---------- DATA BLOCK

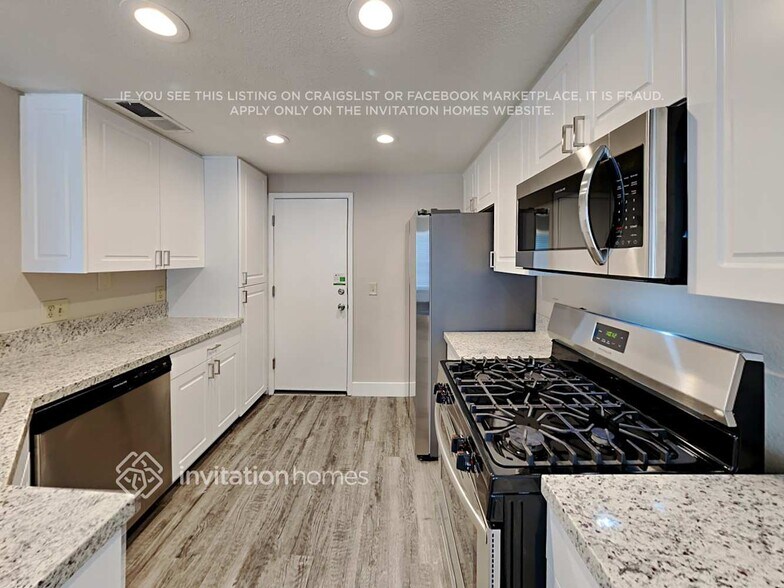 Building Photo - 113 Pomelo Ct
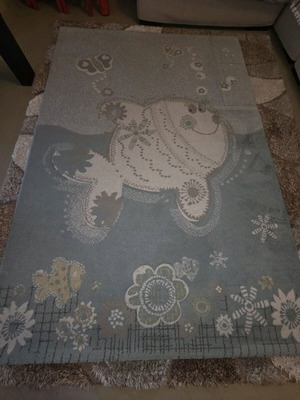 Children's rug like new, size 1.60×2.50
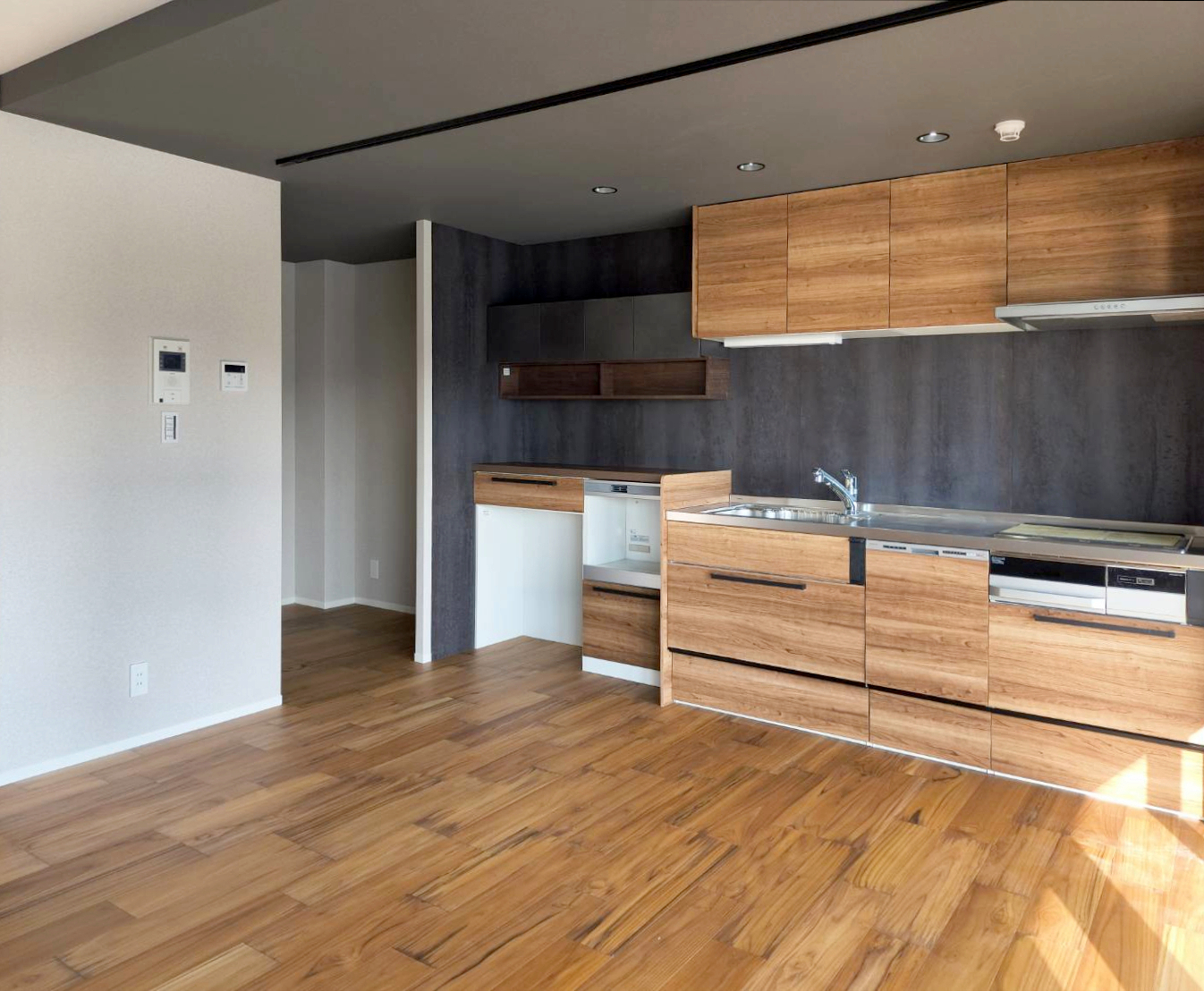 姫路市豊富町の築32年マンション/配管から一新するスケルトンフルリノベーションで「広すぎる家」から「夫婦の理想の2LDK」へ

--------------------

→ WHAT THE TASK REQUIRES
Please copy, exactly and only, the lines of the listing that run from the one holding "Children's rug like new, size 1.60×2.50" through its last line, and exclude pictures.

→ RESPONSE
 Children's rug like new, size 1.60×2.50
 姫路市豊富町の築32年マンション/配管から一新するスケルトンフルリノベーションで「広すぎる家」から「夫婦の理想の2LDK」へ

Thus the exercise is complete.